[Materials provided — start]
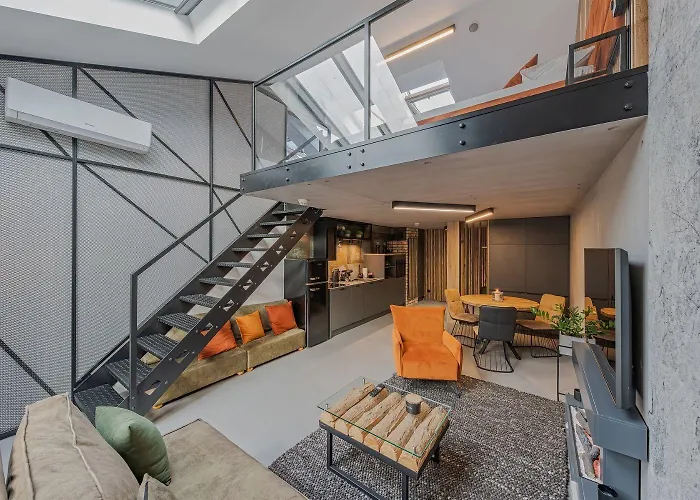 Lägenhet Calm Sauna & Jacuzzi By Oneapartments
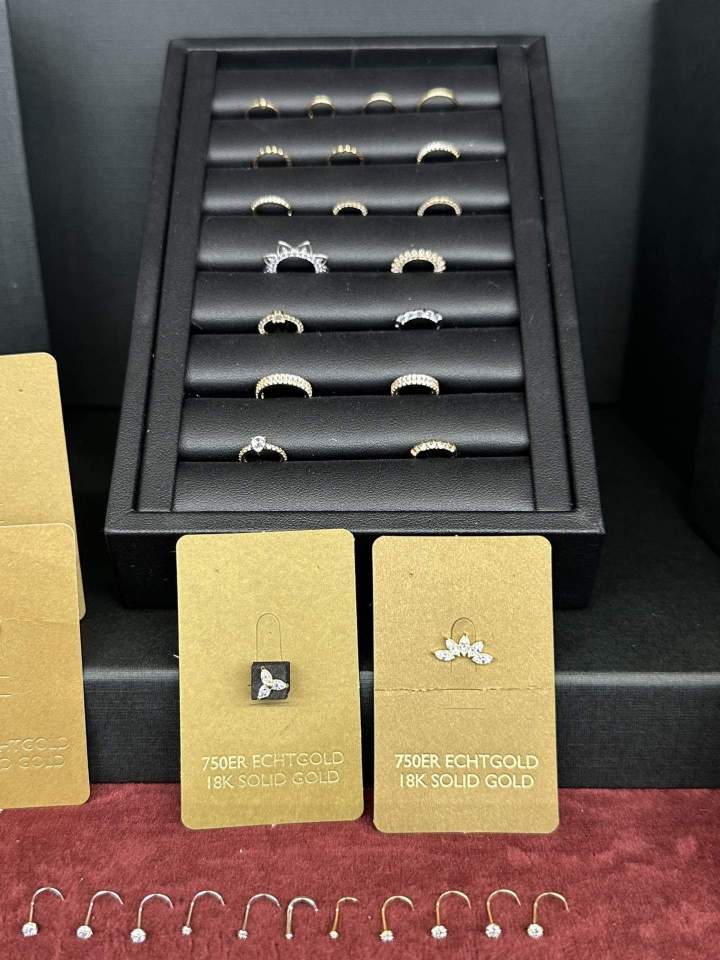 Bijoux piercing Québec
[Materials provided — finish]
[Materials provided — start]
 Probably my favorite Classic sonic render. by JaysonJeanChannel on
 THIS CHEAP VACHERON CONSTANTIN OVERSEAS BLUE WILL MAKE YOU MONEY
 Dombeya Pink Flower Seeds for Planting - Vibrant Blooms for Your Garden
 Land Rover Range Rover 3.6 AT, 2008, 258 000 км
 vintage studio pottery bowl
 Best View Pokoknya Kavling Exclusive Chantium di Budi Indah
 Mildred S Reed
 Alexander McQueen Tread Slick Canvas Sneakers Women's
[Materials provided — finish]
[Materials provided — start]
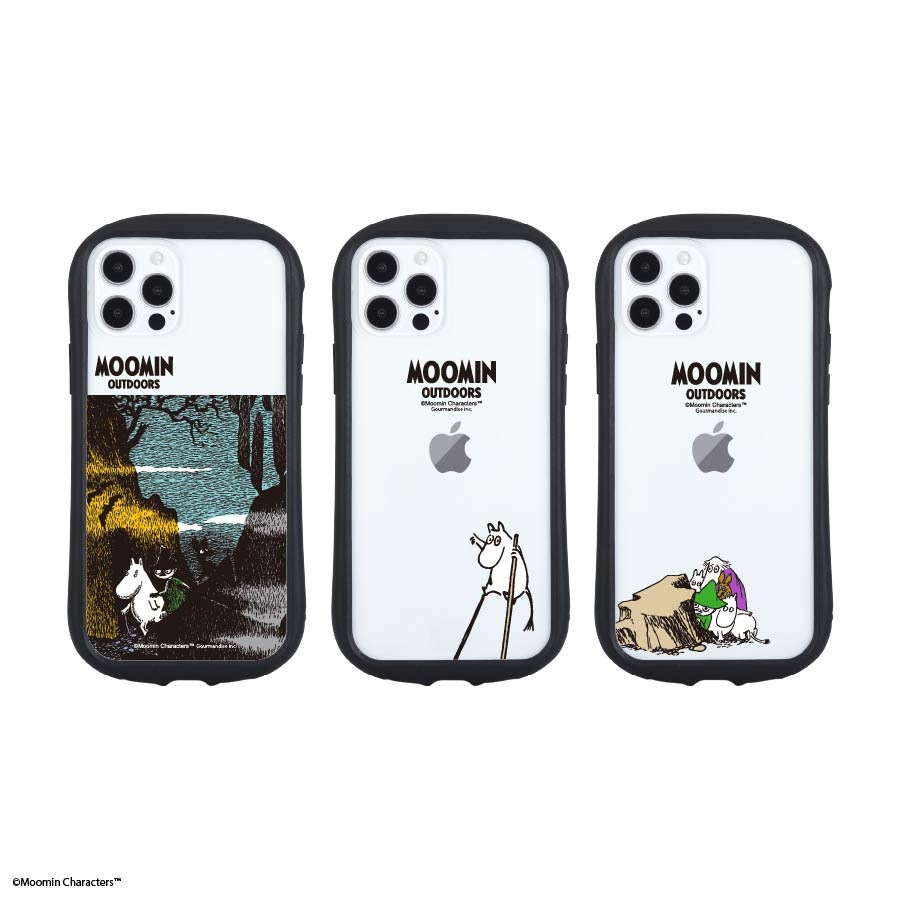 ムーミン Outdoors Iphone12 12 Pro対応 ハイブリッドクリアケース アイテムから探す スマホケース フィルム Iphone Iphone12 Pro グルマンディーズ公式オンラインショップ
[Materials provided — finish]
» **Try it**
In the material above, locate the line containing "Mildred S Reed" and the line containing "Alexander McQueen Tread". Transcribe exactly those two lines and every line between them, and nothing more.

» **Written response**
 Mildred S Reed
 Alexander McQueen Tread Slick Canvas Sneakers Women's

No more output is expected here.